┏━━

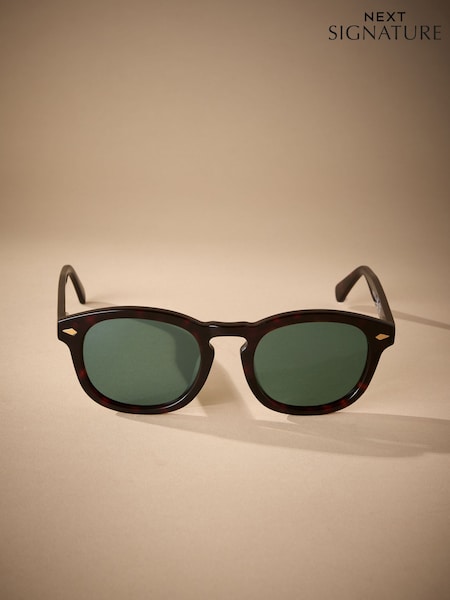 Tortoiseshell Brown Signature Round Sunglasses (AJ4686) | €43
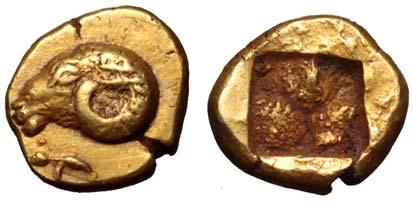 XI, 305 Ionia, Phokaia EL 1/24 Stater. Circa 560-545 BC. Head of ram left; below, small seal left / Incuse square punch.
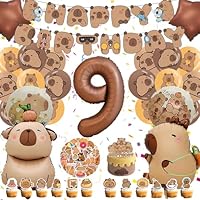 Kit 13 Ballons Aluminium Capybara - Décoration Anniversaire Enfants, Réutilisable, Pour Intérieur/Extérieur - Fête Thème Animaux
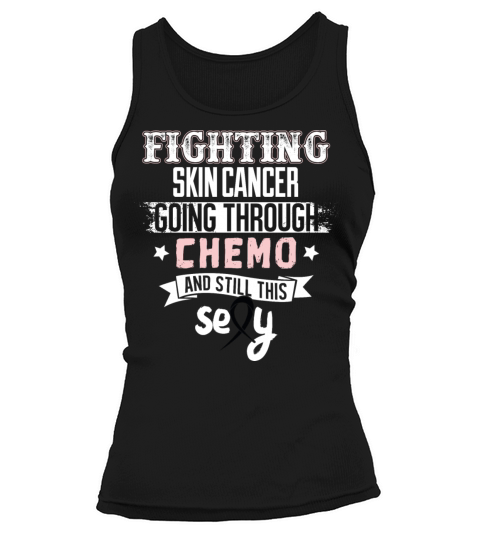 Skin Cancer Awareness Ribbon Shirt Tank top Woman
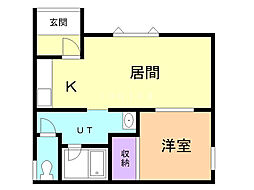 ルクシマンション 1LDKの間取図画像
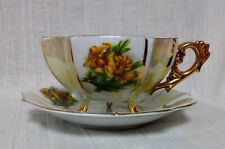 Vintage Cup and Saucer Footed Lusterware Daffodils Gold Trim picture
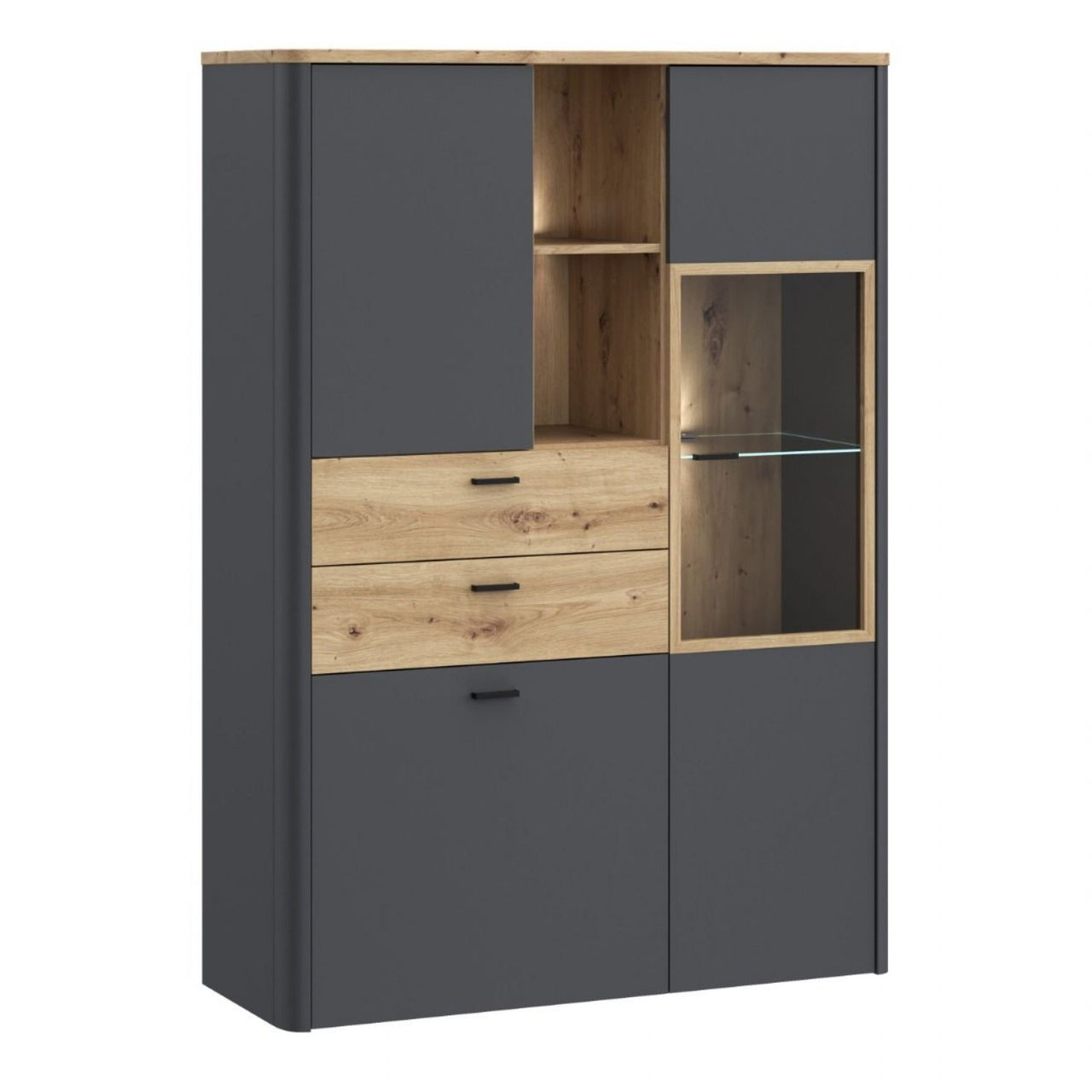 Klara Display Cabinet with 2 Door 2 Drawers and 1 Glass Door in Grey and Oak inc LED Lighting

┗━━

__YOUR ASSIGNMENT__
Word for word, retype the lines in the entries above that run from the one with "XI, 305 Ionia, Phokaia" through the one with "Vintage Cup and". Both ends count; pictures do not.

__RESULT FOR THIS TASK__
 XI, 305 Ionia, Phokaia EL 1/24 Stater. Circa 560-545 BC. Head of ram left; below, small seal left / Incuse square punch.
 Kit 13 Ballons Aluminium Capybara - Décoration Anniversaire Enfants, Réutilisable, Pour Intérieur/Extérieur - Fête Thème Animaux
 Skin Cancer Awareness Ribbon Shirt Tank top Woman
 ルクシマンション 1LDKの間取図画像
 Vintage Cup and Saucer Footed Lusterware Daffodils Gold Trim picture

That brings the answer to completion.